Although early years settings operate in a variety of contexts, one thing they have in common is that a number of adults are involved. The complex and demanding nature of safeguarding and promoting young children’s welfare, learning and development means practitioners cannot work in isolation from colleagues and other professionals. Early childhood services involve people, relationships and feelings and interactions between adults, whether formal or informal, and have a crucial impact on the quality of the provision. Whether you work with other adults in your setting or outside it, how you relate and work with other practitioners is influenced by your attitudes towards other people and vice versa. Whalley (2019) makes the important point that leadership ‘viewed as the sum of the interaction between the leader, the team and their particular situation’, can have a major impact on quality. It is therefore important for you, as an early years practitioner, to understand what effective ‘teamwork’ might look like in practice and to consider how working with colleagues and other professionals is influenced by your underpinning values and beliefs.
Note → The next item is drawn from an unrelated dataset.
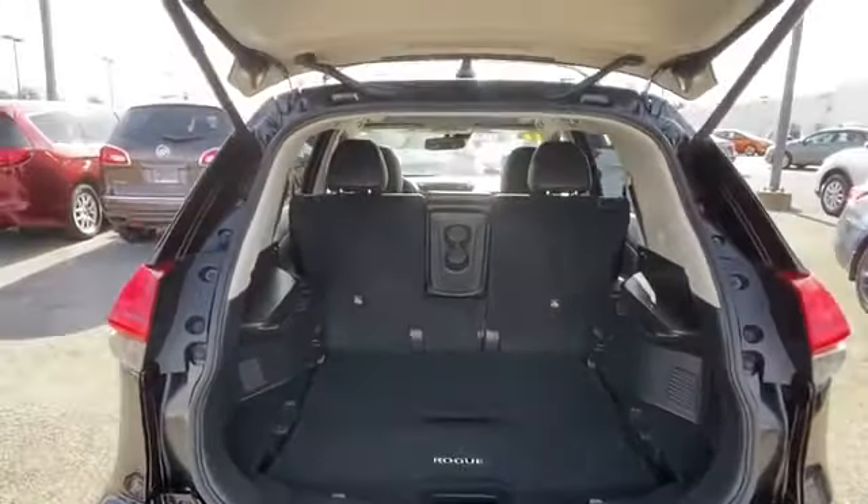Keyless start, power outlet. Like us on Facebook to access exclusive specials and deals.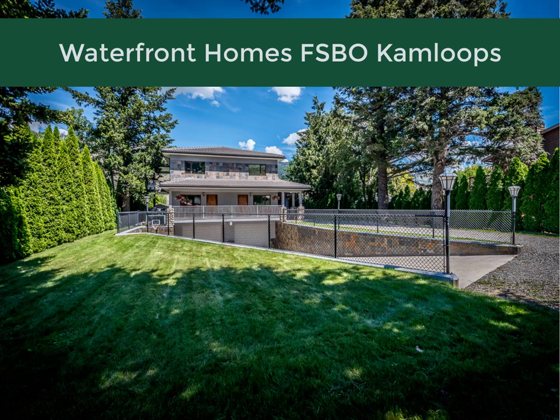Visit the link in the description below, kamloopswaterfrontforsale.com. Once again, kamloopswaterfrontforsale.com. See over 60 pictures. Watch both an inside video tour and an outside video tour. You can click on the URL link in the description below.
Teamwork can be regarded as the building block of children’s services, but it is important to understand that building, leading and working in a team is a complex, ongoing process rather than a simple event. The commitment to working together in a multi-agency context stems from the belief that children’s needs cannot be boxed into health, social or educational compartments and should be viewed holistically. However, this presents a major challenge to traditional ways of working not only between those agencies but for individual practitioners in settings that, up until now, have viewed professionals beyond the setting as from ‘outside’ agencies rather than part of an extended team around the child.
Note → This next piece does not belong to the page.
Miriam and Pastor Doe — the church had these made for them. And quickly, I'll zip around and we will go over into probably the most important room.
In this section, the term ‘core team’ is used to encompass those close working colleagues who you work or have contact with on a regular or day-to-day basis. Most early years practitioners will have some contact with a variety of other practitioners, ranging from other childminders, support workers, and practitioners from other settings such as children’s centres. Many practitioners have successfully forged positive working relationships with colleagues via the Internet. Indeed, the use of the Internet takes developing working relationships with others into a new dimension. There are a large number of websites that enable you to contact others, share information and keep up to date with childcare issues.

The term ‘wider’ team includes those professionals who may be less closely involved with your day-to-day practice – for example, health visitors, speech and language therapists or educational psychologists – but who it may be necessary to collaborate with, as and when appropriate, to enhance your provision or meet children’s individual needs.